Ditch the india!!!!!!!!
Quink is just fine, I use it quite often.  Different inks may be available at your local stationary store.  If not, there's an abundance online.
[8D]


----------



## jeffj13 (Oct 9, 2007)

Do not use india ink.  It will clog your feed.

I would buy from one of the reputable dealers that have been mentioned here in the past.  I personally like Pear Tree Pens.

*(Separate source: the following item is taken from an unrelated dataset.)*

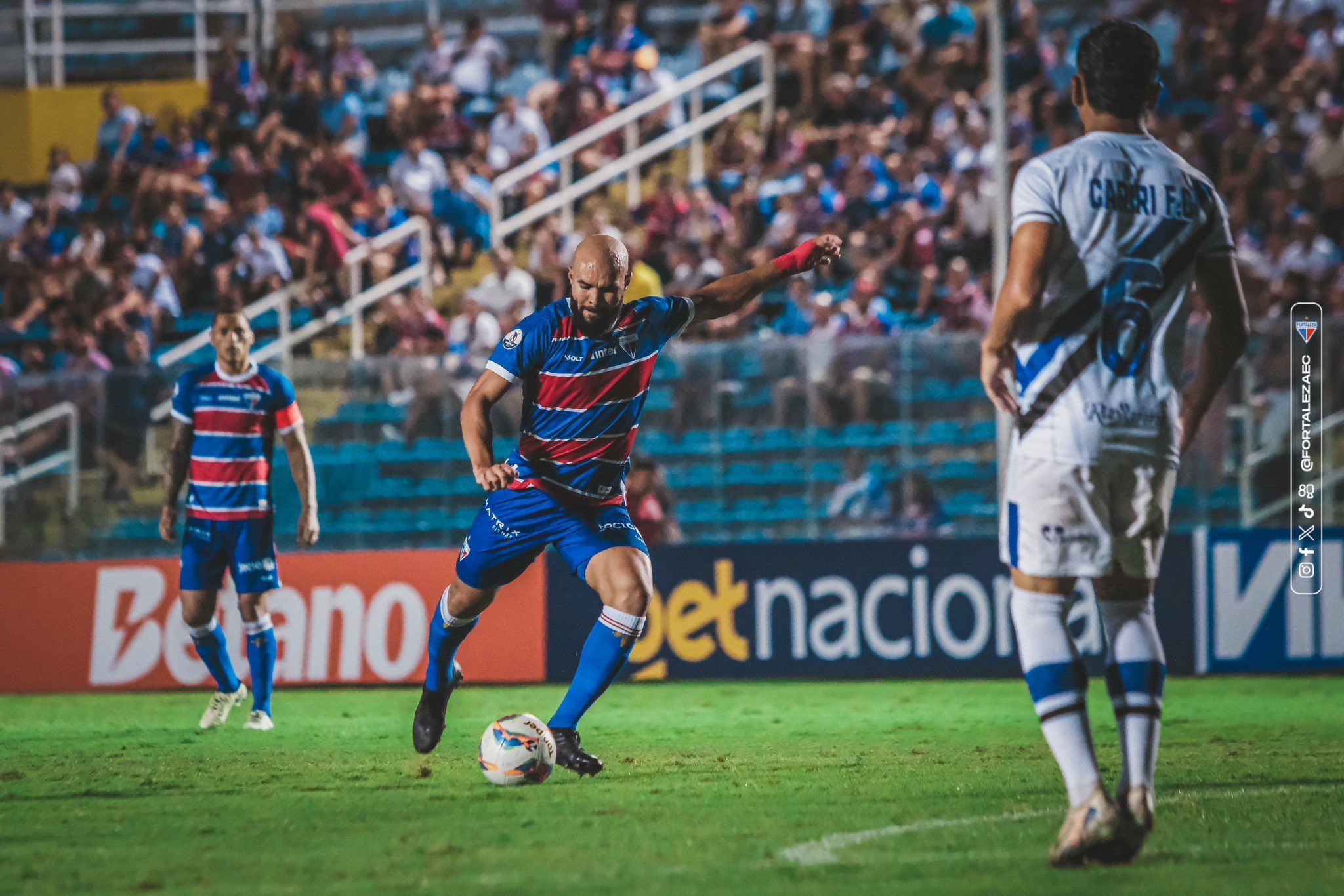 Volante ex-Atlético denuncia que filho sofreu racismo na escola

If you are on the impatient side, you can head to your local Staples and pick up some Waterman cartridges.

jeff


----------



## wdcav1952 (Oct 9, 2007)

Try Staples or a similar store.  They usually have Quink, and as mentioned it is an excellent fountain pen ink.


----------



## Narwhale (Oct 9, 2007)

India ink is a suspension  of fluid and particles. The particles clob foutain pen feeds and/or nibs.
Regular ink sutable for a foutain pen is a solution, which will not separate.
Don't use the india ink in a foutain pen, you are inviting trouble.
Rich S.


----------